EXERCISE OBJECTIVE – Your output should be the lines of the data that follow, reproduced exactly from the first through the line bearing "Quadro Porta Tampinhas".

Source data:

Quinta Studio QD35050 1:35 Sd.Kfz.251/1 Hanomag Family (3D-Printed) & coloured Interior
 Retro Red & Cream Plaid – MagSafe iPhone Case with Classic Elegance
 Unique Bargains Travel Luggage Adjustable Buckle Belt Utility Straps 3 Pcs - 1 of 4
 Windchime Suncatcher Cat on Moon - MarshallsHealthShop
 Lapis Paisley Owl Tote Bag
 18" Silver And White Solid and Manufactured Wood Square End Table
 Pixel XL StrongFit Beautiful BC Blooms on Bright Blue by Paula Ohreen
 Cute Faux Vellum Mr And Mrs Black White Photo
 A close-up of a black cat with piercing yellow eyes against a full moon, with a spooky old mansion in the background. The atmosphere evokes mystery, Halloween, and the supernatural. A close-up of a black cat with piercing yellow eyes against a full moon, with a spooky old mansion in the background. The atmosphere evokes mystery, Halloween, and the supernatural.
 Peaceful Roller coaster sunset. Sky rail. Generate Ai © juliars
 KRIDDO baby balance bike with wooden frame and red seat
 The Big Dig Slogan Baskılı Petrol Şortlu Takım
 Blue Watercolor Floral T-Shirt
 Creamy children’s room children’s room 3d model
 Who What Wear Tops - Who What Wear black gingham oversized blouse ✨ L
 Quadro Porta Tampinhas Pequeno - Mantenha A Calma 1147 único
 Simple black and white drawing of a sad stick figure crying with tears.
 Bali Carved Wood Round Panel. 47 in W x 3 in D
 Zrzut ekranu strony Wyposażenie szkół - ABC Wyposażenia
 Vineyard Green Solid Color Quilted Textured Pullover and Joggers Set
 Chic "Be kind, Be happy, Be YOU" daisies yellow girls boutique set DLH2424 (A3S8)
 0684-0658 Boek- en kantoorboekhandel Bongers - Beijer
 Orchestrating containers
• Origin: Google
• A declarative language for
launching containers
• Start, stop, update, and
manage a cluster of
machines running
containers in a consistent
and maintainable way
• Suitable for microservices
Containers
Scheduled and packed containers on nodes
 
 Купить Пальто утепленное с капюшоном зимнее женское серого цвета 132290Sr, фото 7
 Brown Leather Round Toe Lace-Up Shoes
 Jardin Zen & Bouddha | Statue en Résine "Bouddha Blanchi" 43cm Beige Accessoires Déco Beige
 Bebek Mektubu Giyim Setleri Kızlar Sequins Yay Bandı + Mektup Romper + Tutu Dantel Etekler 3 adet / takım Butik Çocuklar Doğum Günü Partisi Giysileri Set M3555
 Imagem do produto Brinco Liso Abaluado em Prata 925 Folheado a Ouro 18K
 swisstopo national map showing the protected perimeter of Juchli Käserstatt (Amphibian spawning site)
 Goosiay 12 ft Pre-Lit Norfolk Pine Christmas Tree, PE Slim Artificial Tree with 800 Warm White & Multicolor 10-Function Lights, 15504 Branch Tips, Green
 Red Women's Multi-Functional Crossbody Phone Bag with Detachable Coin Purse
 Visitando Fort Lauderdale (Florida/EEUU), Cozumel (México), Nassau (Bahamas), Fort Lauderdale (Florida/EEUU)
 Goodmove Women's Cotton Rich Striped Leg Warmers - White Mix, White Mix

TASK ANSWER –
Quinta Studio QD35050 1:35 Sd.Kfz.251/1 Hanomag Family (3D-Printed) & coloured Interior
 Retro Red & Cream Plaid – MagSafe iPhone Case with Classic Elegance
 Unique Bargains Travel Luggage Adjustable Buckle Belt Utility Straps 3 Pcs - 1 of 4
 Windchime Suncatcher Cat on Moon - MarshallsHealthShop
 Lapis Paisley Owl Tote Bag
 18" Silver And White Solid and Manufactured Wood Square End Table
 Pixel XL StrongFit Beautiful BC Blooms on Bright Blue by Paula Ohreen
 Cute Faux Vellum Mr And Mrs Black White Photo
 A close-up of a black cat with piercing yellow eyes against a full moon, with a spooky old mansion in the background. The atmosphere evokes mystery, Halloween, and the supernatural. A close-up of a black cat with piercing yellow eyes against a full moon, with a spooky old mansion in the background. The atmosphere evokes mystery, Halloween, and the supernatural.
 Peaceful Roller coaster sunset. Sky rail. Generate Ai © juliars
 KRIDDO baby balance bike with wooden frame and red seat
 The Big Dig Slogan Baskılı Petrol Şortlu Takım
 Blue Watercolor Floral T-Shirt
 Creamy children’s room children’s room 3d model
 Who What Wear Tops - Who What Wear black gingham oversized blouse ✨ L
 Quadro Porta Tampinhas Pequeno - Mantenha A Calma 1147 único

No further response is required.